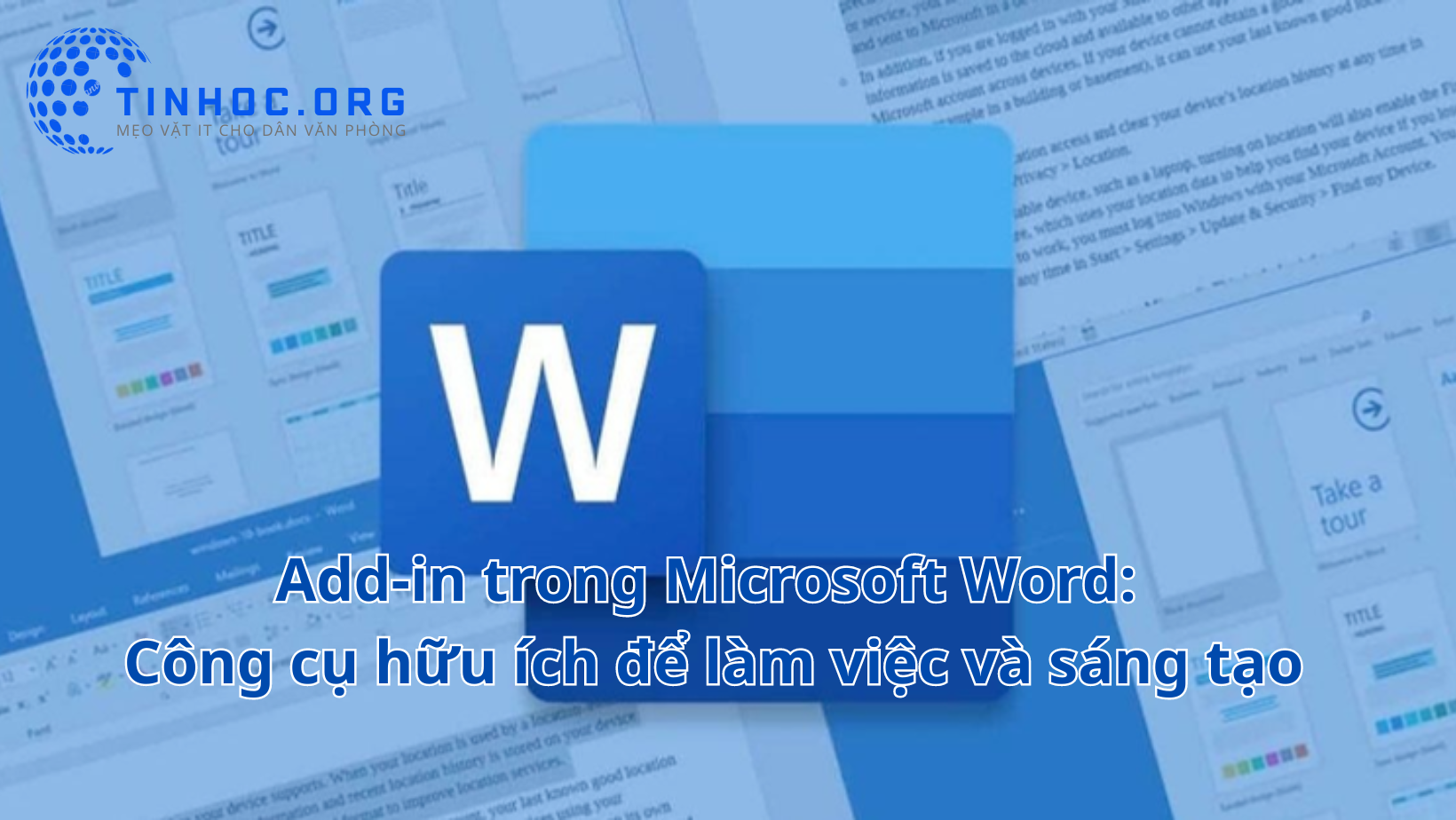 Add-in là một cách tuyệt vời để thêm các tính năng và khả năng mới cho Microsoft Word, giúp bạn làm việc hiệu quả hơn và tạo ra các tài liệu ấn tượng hơn.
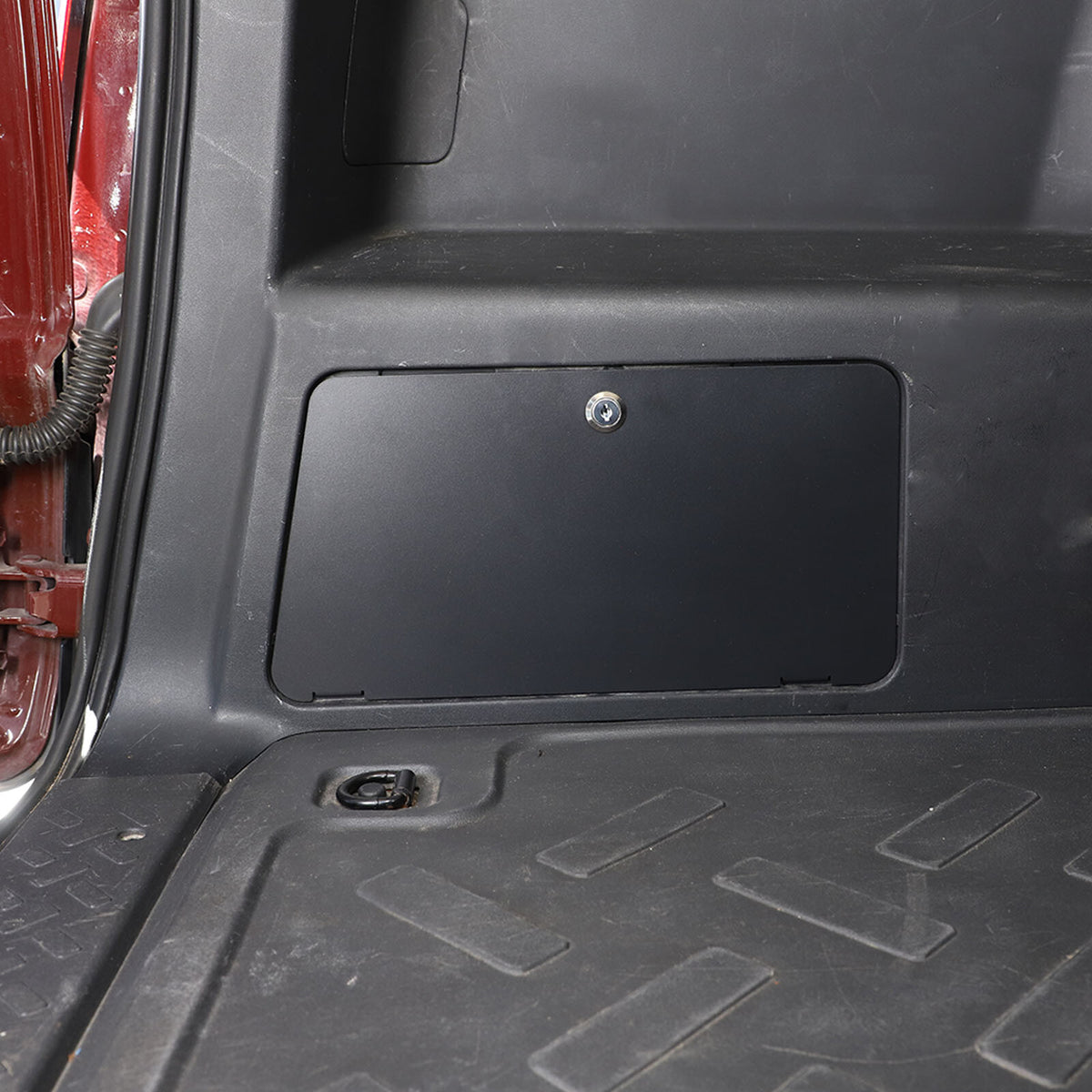 Rear Trunk Side Vault Safe Cargo Storage Lock Box For Toyota FJ Cruiser 07-21 US 8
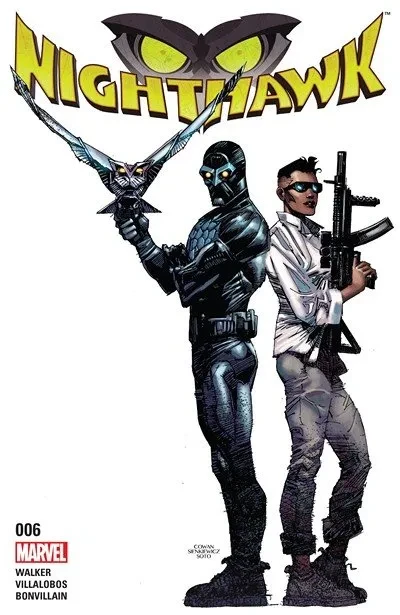 دانلود کمیک Nighthawk #6 (2016)
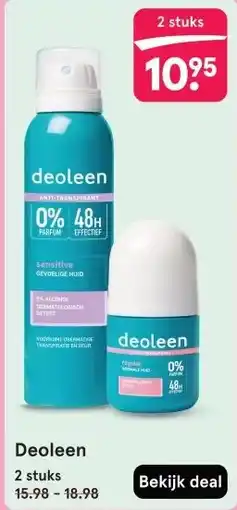 Etos Deoleen aanbieding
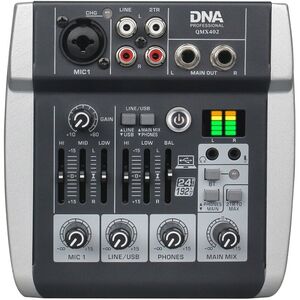 Αναλογική κονσόλα ήχου DNA QMX402 3 κανάλια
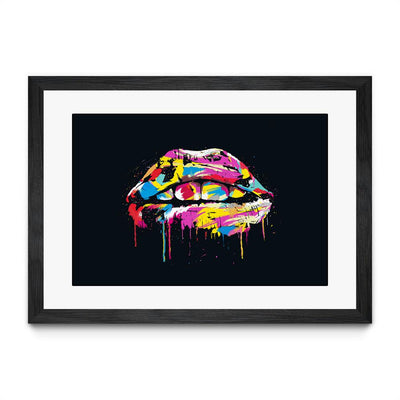 Colourful Lips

**Work instructions**
Quote the material exactly. Pictures stay out.

**Response for this exercise**
 Add-in là một cách tuyệt vời để thêm các tính năng và khả năng mới cho Microsoft Word, giúp bạn làm việc hiệu quả hơn và tạo ra các tài liệu ấn tượng hơn.
 Rear Trunk Side Vault Safe Cargo Storage Lock Box For Toyota FJ Cruiser 07-21 US 8
 دانلود کمیک Nighthawk #6 (2016)
 Etos Deoleen aanbieding
 Αναλογική κονσόλα ήχου DNA QMX402 3 κανάλια
 Colourful Lips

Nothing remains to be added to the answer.